**WHAT TO WORK ON**
Write the data out again, character for character, with no images.

**Web page caption snippets**
· · · · · · ·

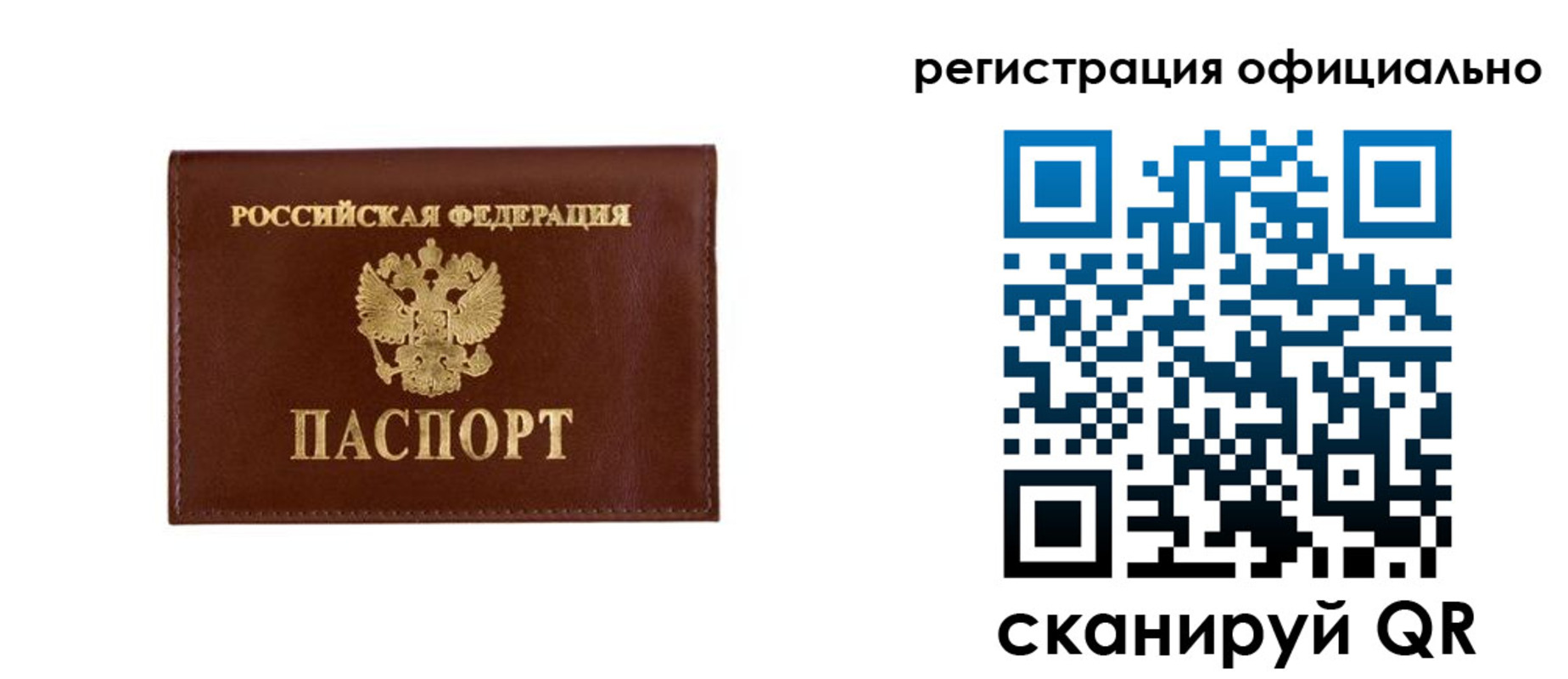 временная регистрация гарантия в Пущино
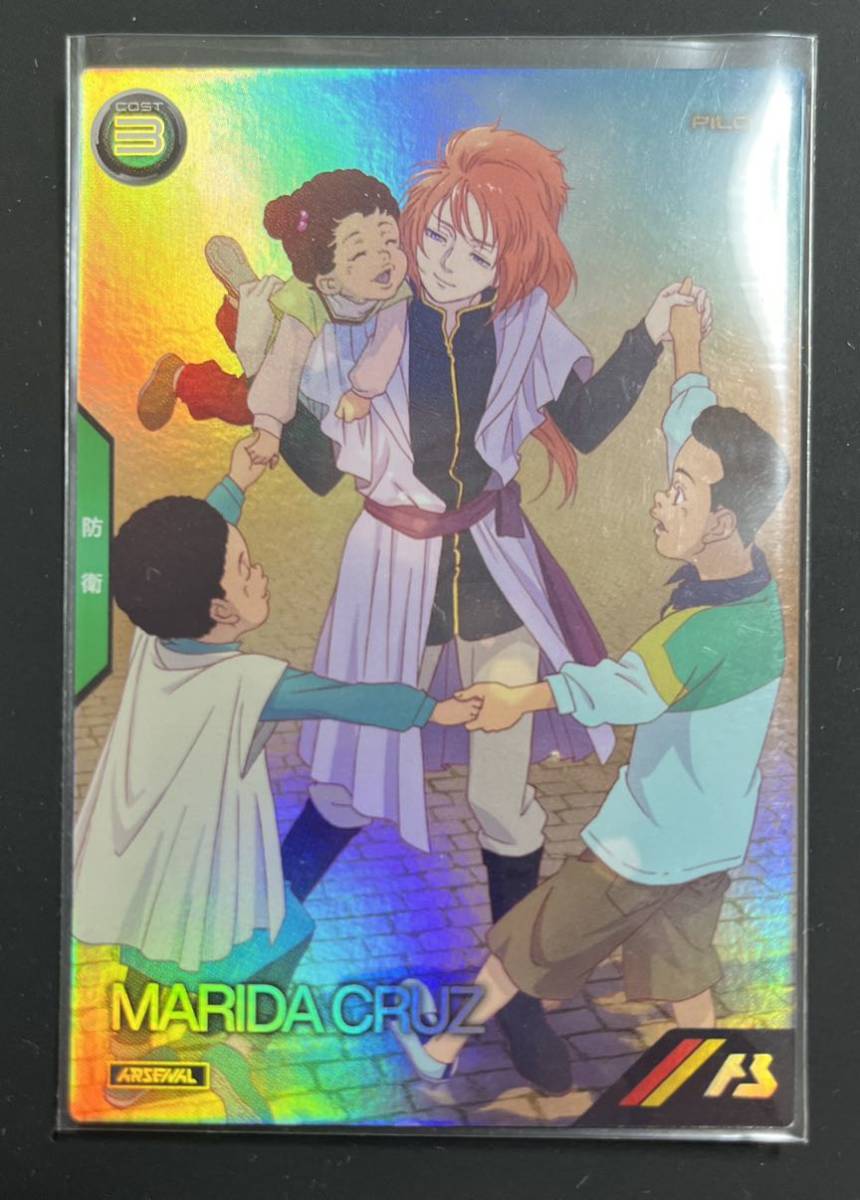 機動戦士ガンダム アーセナルベース マリーダ クルス Pr 034 ガールズコレクション サマーフェスティバル22 プロモ ガンダムトライエイジ 売買されたオークション情報 Yahooの商品情報をアーカイブ公開 オークファン Aucfan Com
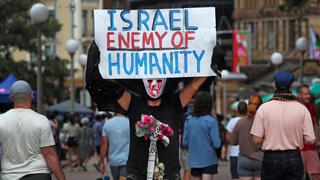 Pro-Palestinian rally in Sidney, Australia on Sunday 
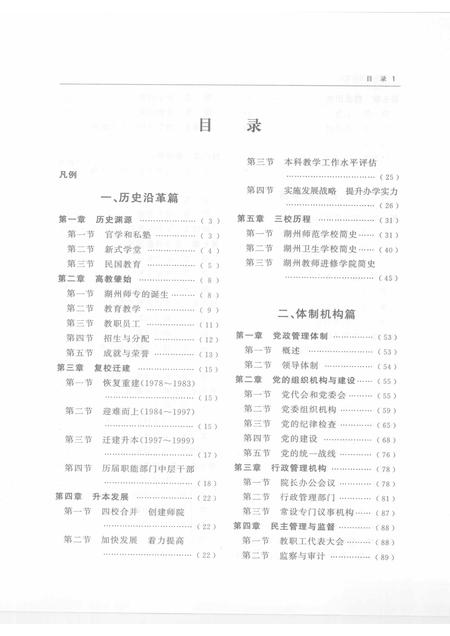2008-湖州师范学院志.pdf电子版_浙江省志插图4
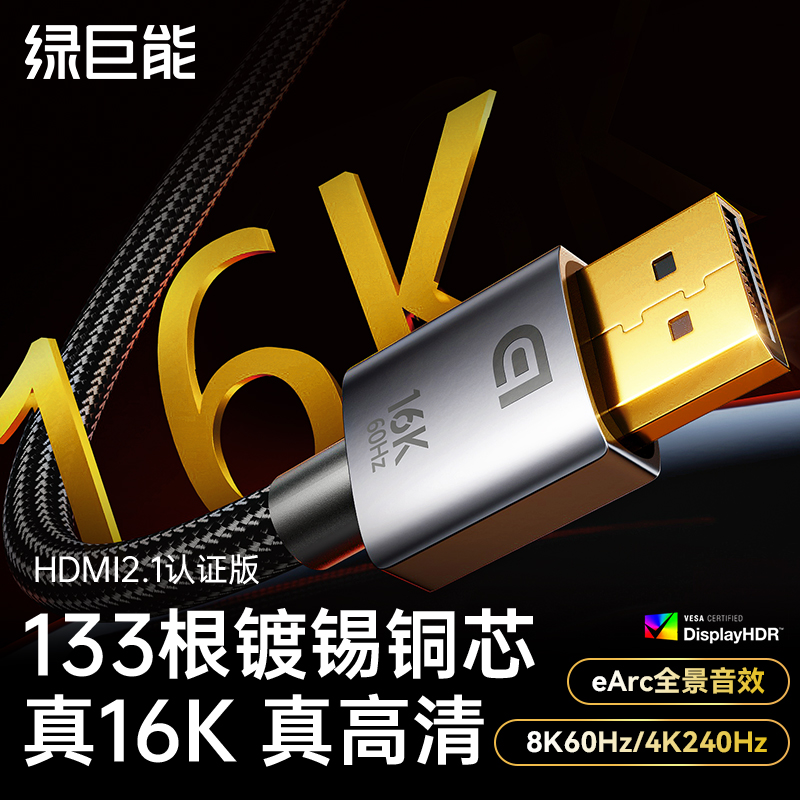 绿巨能dp2.1高清数据16K连接线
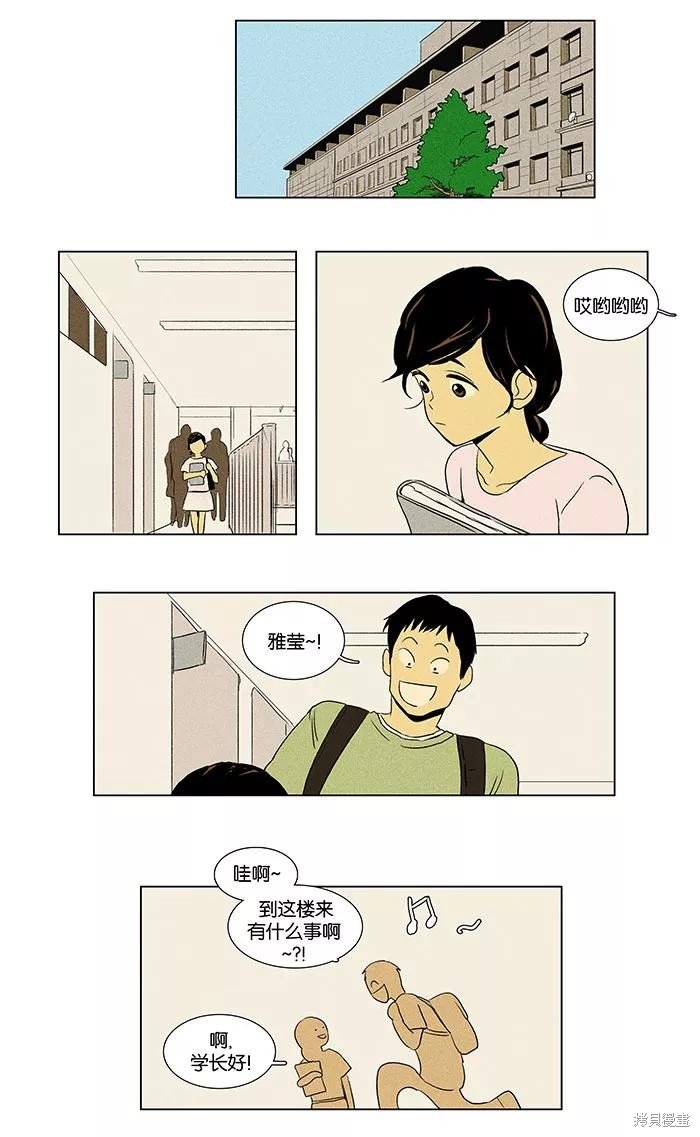 第43话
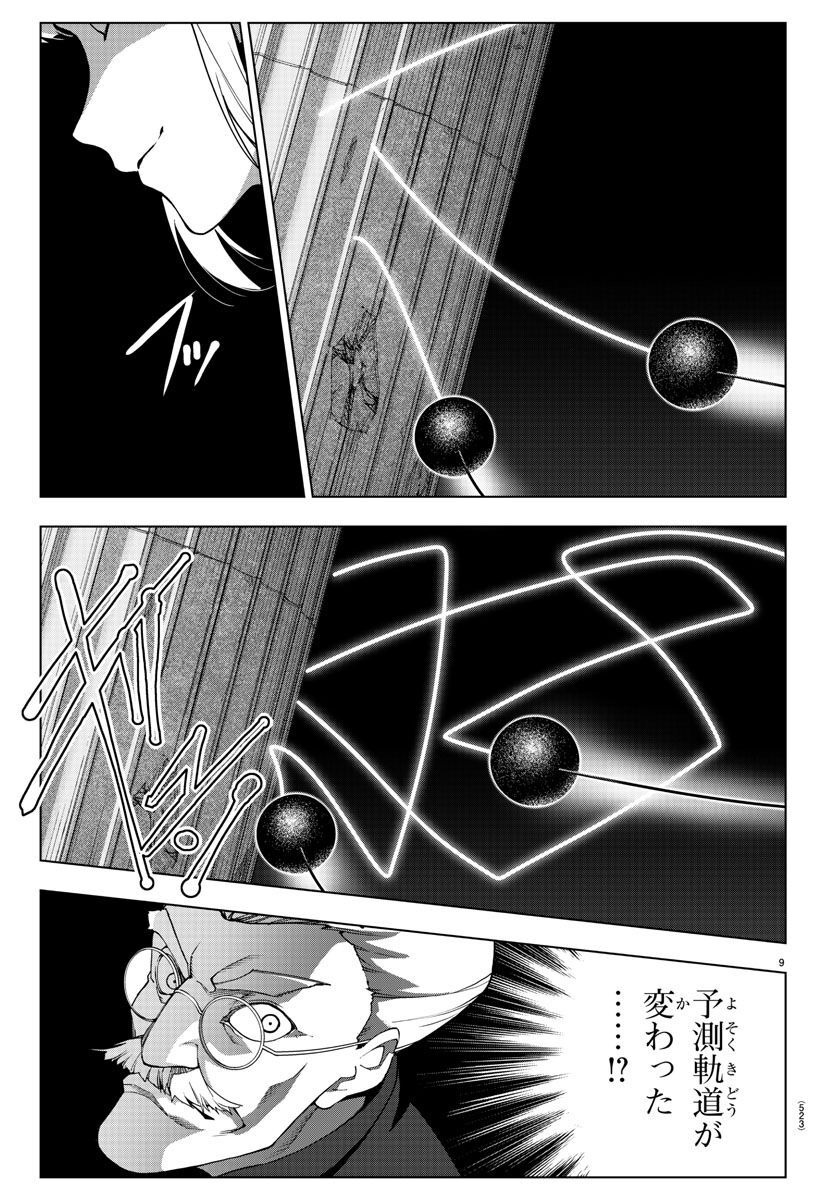 Darwin's Game - Chapter 119 - Page 9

· · · · · · ·

**ANSWER TO THIS TASK**
 временная регистрация гарантия в Пущино
 機動戦士ガンダム アーセナルベース マリーダ クルス Pr 034 ガールズコレクション サマーフェスティバル22 プロモ ガンダムトライエイジ 売買されたオークション情報 Yahooの商品情報をアーカイブ公開 オークファン Aucfan Com
 Pro-Palestinian rally in Sidney, Australia on Sunday 
2008-湖州师范学院志.pdf电子版_浙江省志插图4
 绿巨能dp2.1高清数据16K连接线
 第43话
 Darwin's Game - Chapter 119 - Page 9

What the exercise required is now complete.